To quantify this, they estimated the difference between what homeowners in large metropolitan areas across the U.S. are willing to pay for additional land they can have as part of their own lot — but cannot build on or subdivide so they can sell to someone else — and what prospective home builders in those areas are willing to pay for the same amount of land to construct single-family homes on.

The researchers called the difference between how much land actually costs and how much it would cost without restrictive zoning the “zoning tax.” It’s not actually a government tax — just the estimated amount that artificial supply constraints, like zoning laws and permitting delays, add to the price of land across different metropolitan areas.

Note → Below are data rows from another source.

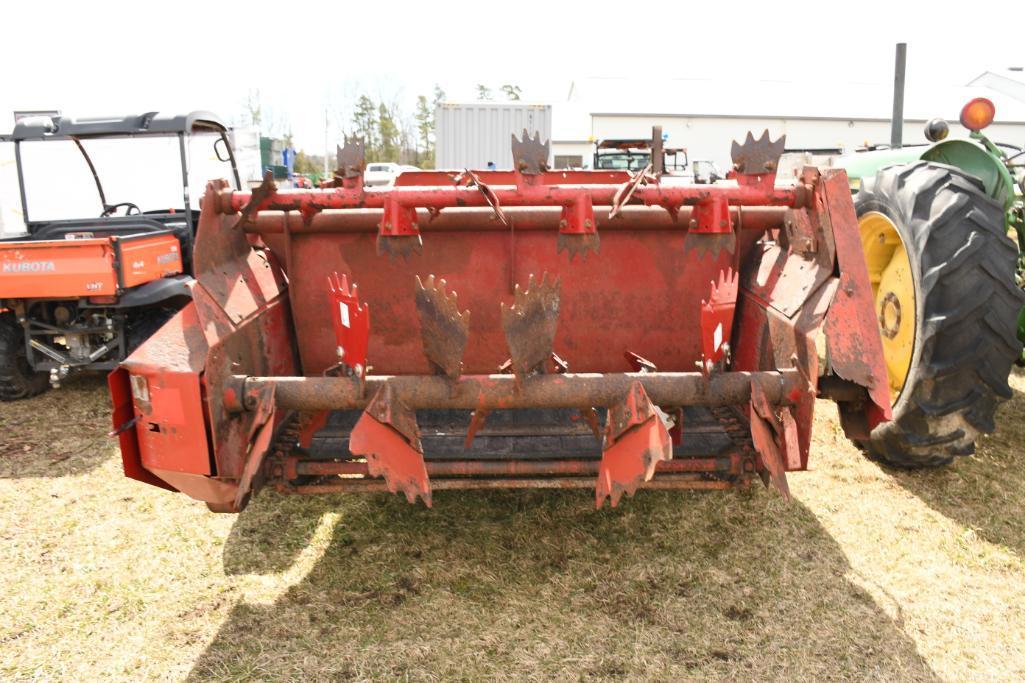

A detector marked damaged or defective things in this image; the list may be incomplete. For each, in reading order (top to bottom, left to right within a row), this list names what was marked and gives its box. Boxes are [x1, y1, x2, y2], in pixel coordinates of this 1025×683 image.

rusty metal spreader panel [106, 129, 889, 510]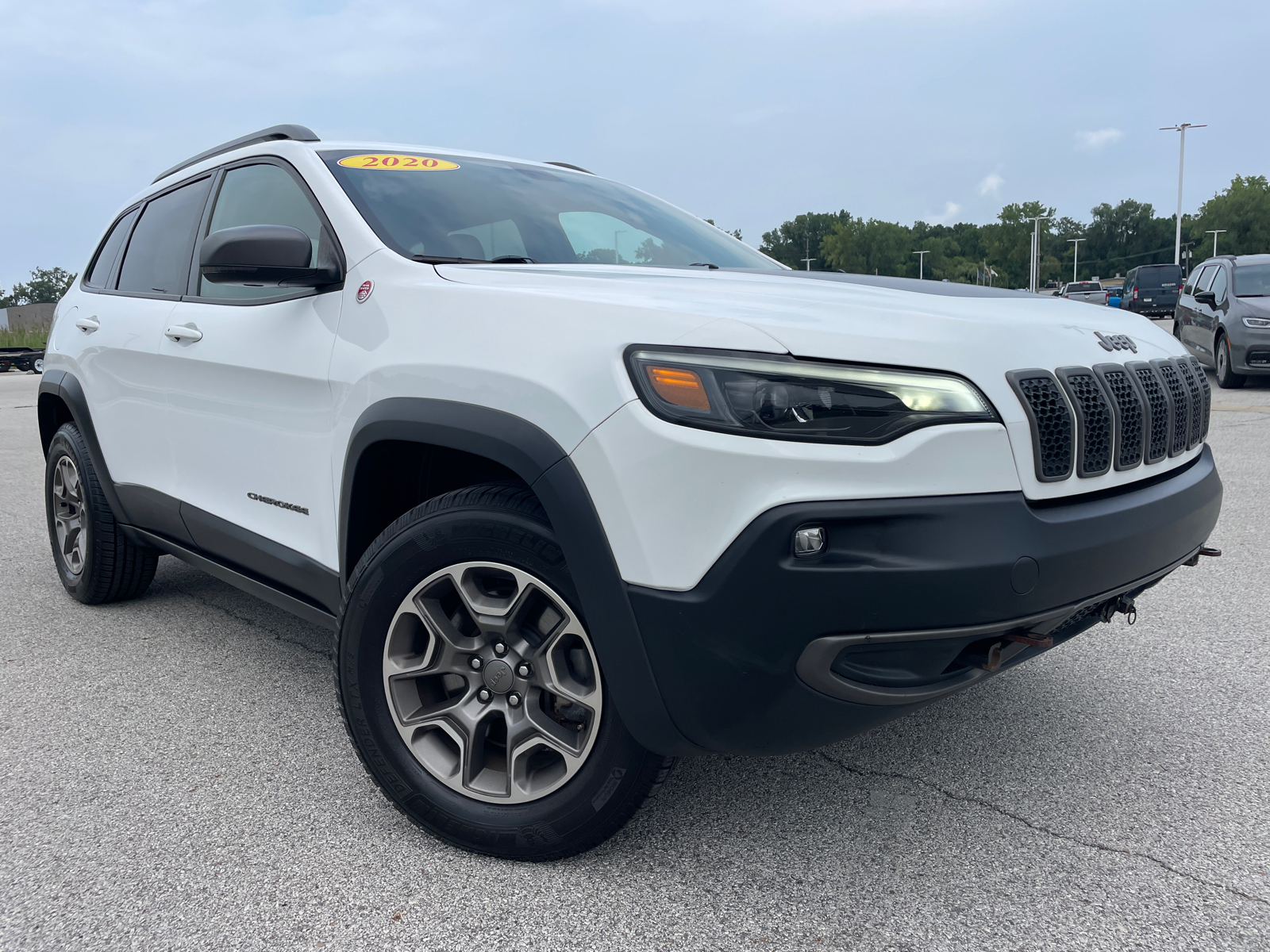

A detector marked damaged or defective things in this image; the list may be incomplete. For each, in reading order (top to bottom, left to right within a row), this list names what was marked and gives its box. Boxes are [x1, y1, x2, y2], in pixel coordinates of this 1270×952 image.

crack in pavement [167, 586, 333, 660]
crack in pavement [813, 751, 1270, 908]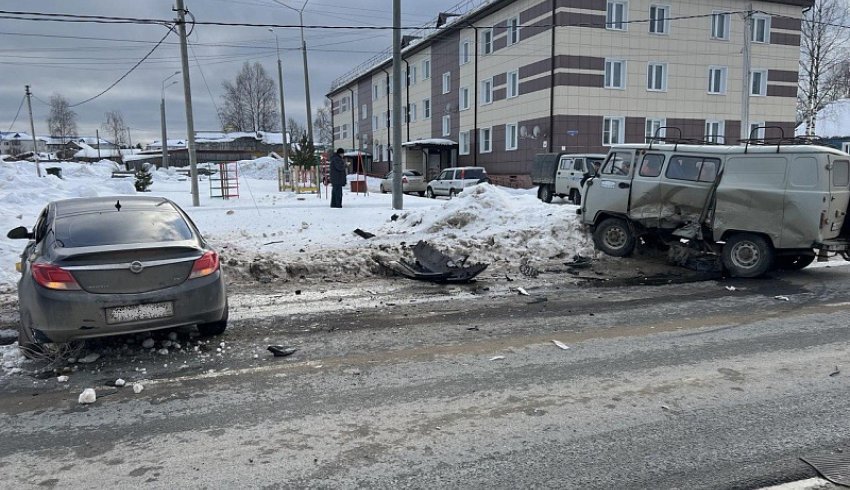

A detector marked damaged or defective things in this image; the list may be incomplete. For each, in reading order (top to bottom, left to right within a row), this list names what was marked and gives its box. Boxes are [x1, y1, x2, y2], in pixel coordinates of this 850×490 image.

damaged gray sedan [8, 194, 227, 356]
damaged white van [576, 142, 848, 278]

In a working paper published by the National Bureau of Economic Research, the researchers found that in the San Francisco metropolitan area (which includes San Francisco, Alameda, Contra Costa, Marin and San Mateo counties), the median “zoning tax” for a quarter-acre of land was $409,000 — more than four times the region’s median household income.

The Chronicle reported that even a Google software developer who makes $200,000 a year would allegedly struggle to buy a house.

“That’s how you know it’s expensive, when Google engineers are getting priced out” of a median home, Joseph Gyourko, an economist at the University of Pennsylvania and the study’s lead author, told the Chronicle.

 “And if you’re making closer to a traditionally middle-class wage, forget about homeownership,” the Chronicle reported. “And while his study did not explicitly examine the impact of “zoning taxes” beyond land used to purchase single family homes, Gyourko said it’s likely that these taxes cause apartments and condominiums to be more expensive as well.”